Concerning maternal satisfaction with the new protocol. All of mothers in the group (A) were surprising from the results of the early level of separation of umbilical cord after topical application of breast milk. The majority of them reported they were happy by the results and it is the first time to follow this way of care. On the other hand all of mothers in the group (B) were surprising from the results of separation of umbilical cord after application dry cord care. The majority reported they are amazing by the results and the cord dry off without application of traditional substance.
In the present study, none of the factors, such as age, level of education or maternal literacy and parity that were associated statistically with differences in cord-separation time or represents an increase of any practical significance.
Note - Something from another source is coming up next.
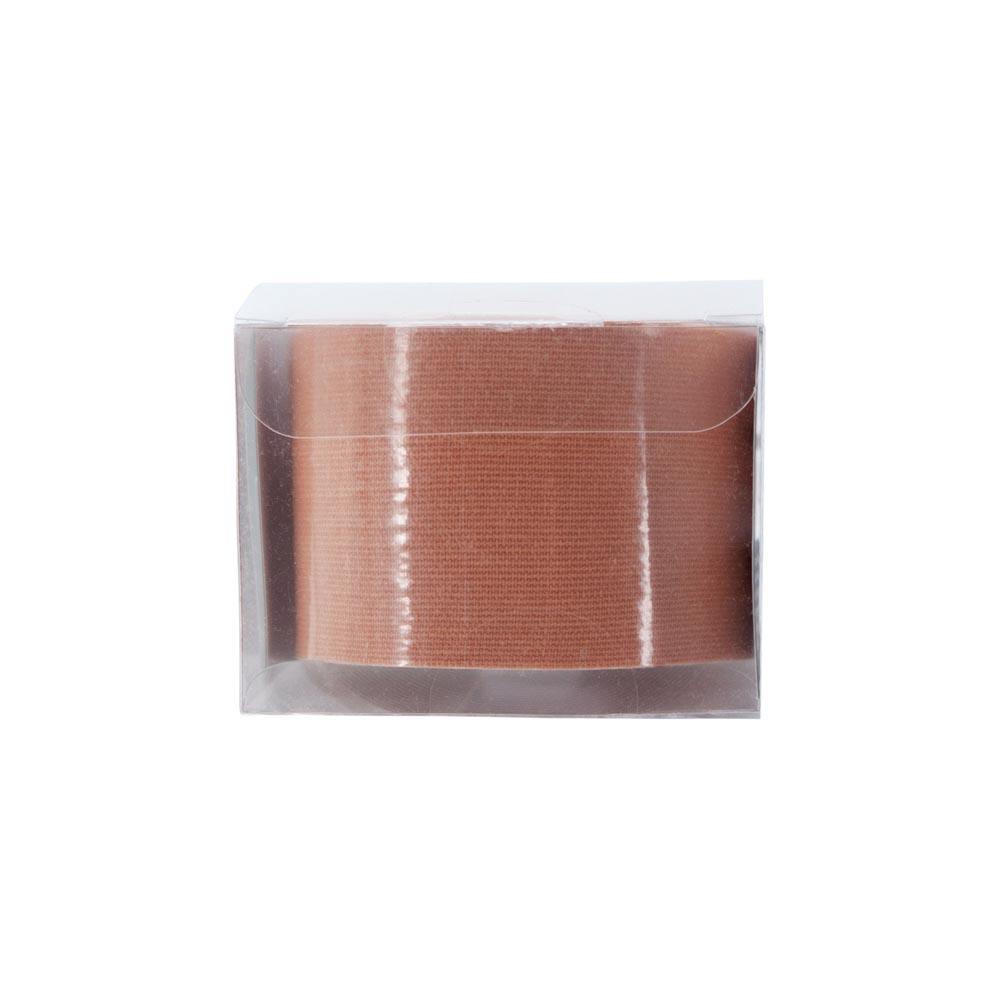 Adhesive Breast Lift Tape Roll - Nude - Smoosh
Umbilical cord care practices for newborns vary between health care settings which can lead to misunderstanding for both parents and nurses. It seems that the current standard of umbilical cord care may be based on historic practices and traditions rather than on scientific investigation and justification. Methods currently used nationwide include; various other modalities as daily cleaning of the umbilical cord with alcohol (70% isopropyl alcohol), triple dye, sterile water and, dry cord care. Dry cord care will lead to shorter cord separation times and be more cost effective for the hospital. The findings of this study regarding breast milk application to the umbilical cord stump can make the health care workers, specially nurses and doctors aware of it. So that it may be used by all settings for the profit of neonates.
Hoping the findings of the present study leads to avoid the gap between research studies and clinical practice and to deliver practical evidence to inform policy on the implementation of sustainable interventions in neonatal units to decrease neonatal mortality.
7. Conclusion and Recommendation
It is important to determine the best practice for umbilical cord care in order to minimize cord infections in the millions of babies born each year. Mothers should be fully up-to-date and understand the aims of umbilical cord care. This should be supported by provision of evidence-based information offered to them. Therefore, it is recommended that topical application of mother milk on the remaining part of the cord reduces the cord separation time as compared with dry cord care and it can be used as an easy, cheap and noninvasive way for cord care. Further research is proposed to confirm the results and to evaluate the effect of the implementation of these methods on improvement of the umbilical cord care.
The researchers is gratefully acknowledged for all mothers contributions towards the completion of the study. Further, acknowledgement is accorded to Doctors Ahmed Atef and Norah Al Sadhan for their kind help and cooperation throughout the study.